イタリアって弦楽四重奏盛んなんでしょうか?
フランス事情もよく知らないけど、クラシックラジオ局の
プログラミングにはしょっ中出てくるから人気はあるんだと
思います。丁度湯布院音楽祭の最中沖縄市の青少年演劇フェス
でバレエの講習会の伴奏してたんですが、先生のフランス人が
地元の若ーいカルテット(我輩は猫であるじゃないけど、名前
はまだないそうです)と舞台でインプロセッションをしました。
即興は初めてだったそうですが、おもしろがって臆せずなかなか
の出来でびっくりしました。沖縄ってもともと音楽の偏在する
土地ですね。今活動してる人達で沖縄出身って多いんでしょうか?

やくぺん先生が飛び回っていらっしゃるのは当然どこそこの
雑誌やらが旅費を持っているのだと思っていたので、前回の記事
は驚愕と共に尊敬の念を新たにしました。まさかバンフとかも
自腹でいかれたんですか???
by すみこ (2007-09-14 14:59) 

Yakupen

基本的には全部自腹ですよ。
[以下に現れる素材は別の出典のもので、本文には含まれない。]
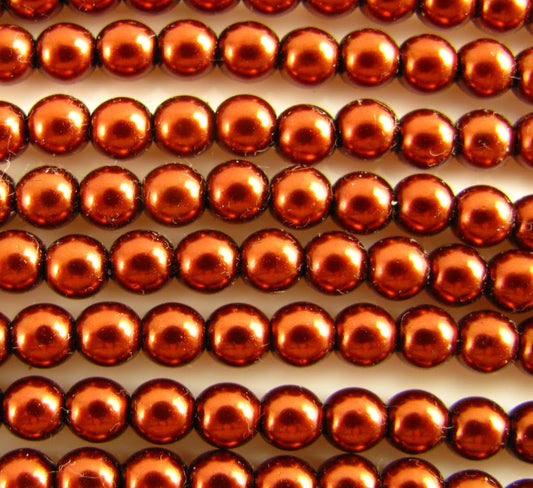 4mm Czech Round Glass Pearl - Bag of 100 - 70084 - Copper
ってか、バンフは集まってきている世界中の主催者や音楽プロデューサーたち、全員が全て一般聴衆と同じ立場で来ています。嫁も晴海のNPOからお金が出ているわけではなく、全部自腹です。どうしてもお金がないときは、国際交流基金の個人派遣などに申請書を書いて応募します。ま、殆ど当たりませんけど。
よーくご存じのように、音楽業界は「一番のひと総取り」ですから、当然ながら我々裏方など全くお金がまわってきません。我が家は完全に自転車操業状態ですよ。江戸っ子じゃあないけど、宵越しの金はこの業界にいる限り持てません。いやはや。